Due to an extreme lack of foresight, the Chinatown bus was the method I chose to move from Boston to New York. Renting a truck is expensive, and the employees on the Chinatown buses don’t seem to care what you do as long as the trip doesn’t exceed four hours. So, one is able to load a ridiculous amount of shit on the bus without catching a second glance. In the interest of starting anew and traveling light, I gave away everything that wouldn’t fit into two suitcases, two duffle bags, and a backpack (excluding my bike and the various instruments I’ve accumulated over the course of my four years in Boston).
The initial plan was to store the bike and instruments at a friend’s apartment (until I could figure out what to do with them – probably load them on a Chinatown bus later), load myself down with everything else, and trudge through the necessary public transportation systems until arriving at my stoop in Brooklyn. It would be hellish, but it would be one trip and then it would be over. In practice, this proved to be unrealistic, so the plan ended up looking something like this:
Day 1: Load myself down with half of the bags – take the bus to New York – track down the guy I’m subletting from to pick up my keys – drop everything off at the apartment – go to sleep.
Day 2: Wake up – shower (?) – take the bus to Boston – take the train to my apartment – grab the other half of the bags – clean – drop off my old keys -and sleep at a friend’s.
Day 3 = Day 1 (Minus picking up the keys – I got those on Day 1. Remember?)
Compartmentalized below are the reasons this was a terrible idea (in no particular order).
Boredom: This is obvious. That’s a total of ~12 hours in three days on the most ragtag bus ever. While I’m guessing a lot of people have commutes like this all the time (Rockstars? Bus Drivers?), I don’t. Considering that I also lack the foresight to do things like charge my phone and iPod, boredom played a pivotal role in the experience. The antics (see below) of other Chinatown bus travelers are only entertaining for so long, and nothing excited ever seems to happen to me on I-95 in Connecticut.
The only restaurant the Chinatown buses seem to stop at is McDonald’s: Normally, I have nothing against McDonald’s. If anything, I applaud them for constructing a business model that can withstand all the negative press they get. But, fast food from a rest stop tends to transform itself into a brick in your stomach. Further, the Chinatown bus normally smells like bathroom cleaner and air freshener. Combined with the smell of cheeseburgers, the stench can be a little overpowering. The whole experience leads to a state of forehead-sweating and stomach lurches.
The horrible bathroom: Of course the bathroom is disgusting. Why wouldn’t it be? The main problem, however, is its design. The only handle one has to balance himself is on the right. It’s hard to pee straight when being jostled, but doing so as a southpaw is even harder. I have to say I was pretty good at this, though, even when the bus slammed on the breaks while I was in there. This is lucky considering there’s no soap or hand sanitizer in there, so any slip-ups would have unpleasant consequences.
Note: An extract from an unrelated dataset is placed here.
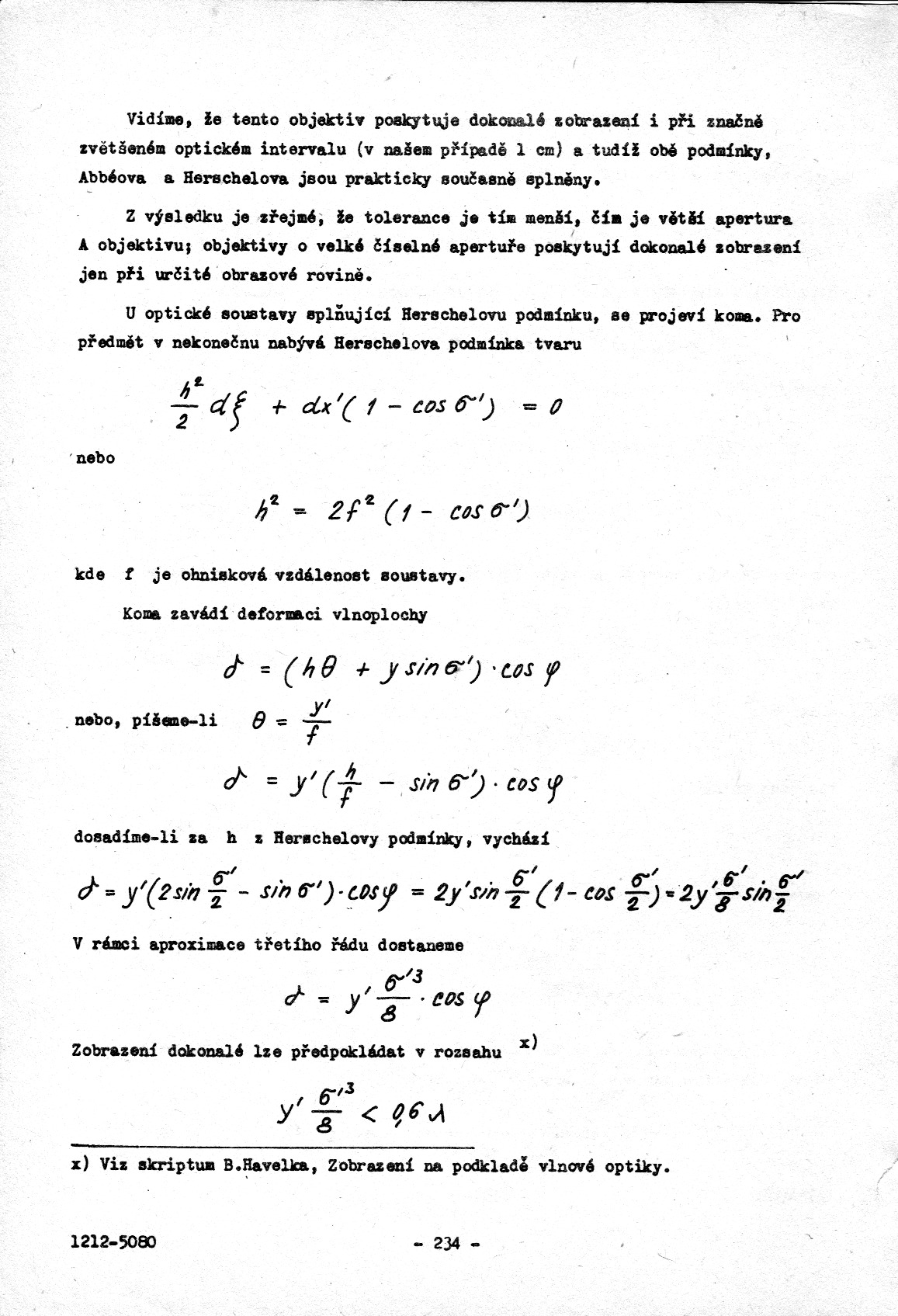 234.jpg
When there’s traffic, Chinatown bus drivers take detours that lead to being lost in places like Danbury, CT: As mentioned before, the Chinatown bus’ MO is to make the trip in 4 hours. This doesn’t mean that they’re always successful. On the upside, I got to see a lot of CT’s great Dunkin’ Donuts and Wendy’s.
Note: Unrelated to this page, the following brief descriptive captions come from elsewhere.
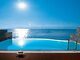 Elounda Beach Resort &amp; Villas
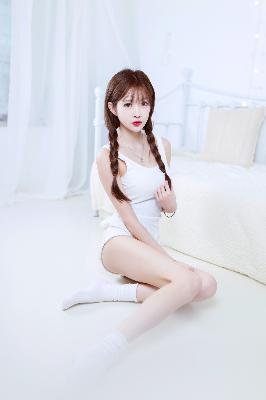 最美情侣中文在线电影资源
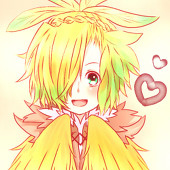 ふう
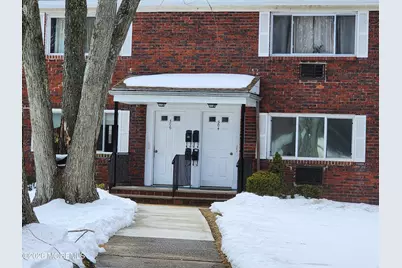 304-A South Street #A, Eatontown, NJ 07724 - Photo 1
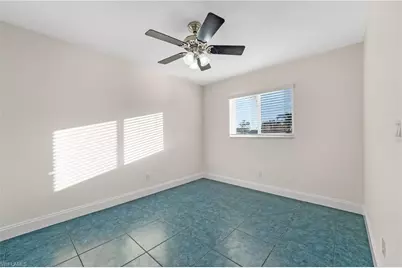 1631 SE 2nd St, Cape Coral, FL 33990 - Photo 29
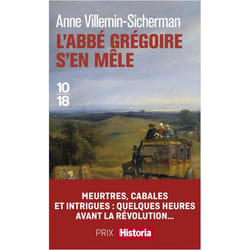 ISBN 9782264076656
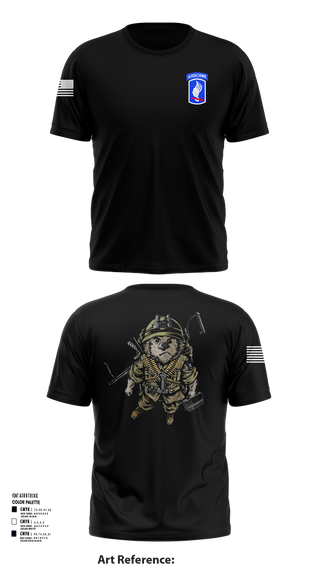 Short Sleeve Performance Shirt, Wombats, , Teamtime, Team time, sublimation, custom sports apparel, team uniforms, spirit wear, spiritwear, sports uniforms, custom shirts, team store, custom team store, fundraiser sports, apparel fundraiser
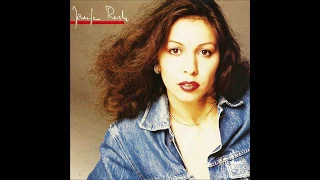 Jennifer Rush - 1984 - The Power Of Love - Album Version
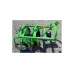 POTATO HARVESTER / LIFTER/ HOOVER - COMPACT TRACTOR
No one is happy on Chinatown buses: Self-explanatory. A lot has been written about Chinatown bus passengers, so I won’t go too far into it. In short, most people just complain loudly on their phones about things like being lost in Connecticut. Most interestingly, there was a guy who looked almost identical to Chris Farley’s character in the “Da Bears” sketches who was clearly hammered, but he mostly just slept.
The realization that if I had paid a little more I could have moved in one trip and avoided public transportation: I’m not used to taking public transportation; Boston has the benefit of being compact, and one can bike virtually anywhere in town in ~30 minutes. So, spending sweaty hours on buses carrying around heavy bags was an unpleasant experience I’m not accustomed to. The thought that I could have moved in one trip and avoided all of this a powerful one.
In the end, everything made it in tact. Now I’m free to get lost in Bushwick whenever I want. If anything, I rediscovered my love for Orange Juice and Beatles For Sale while my iPod still worked.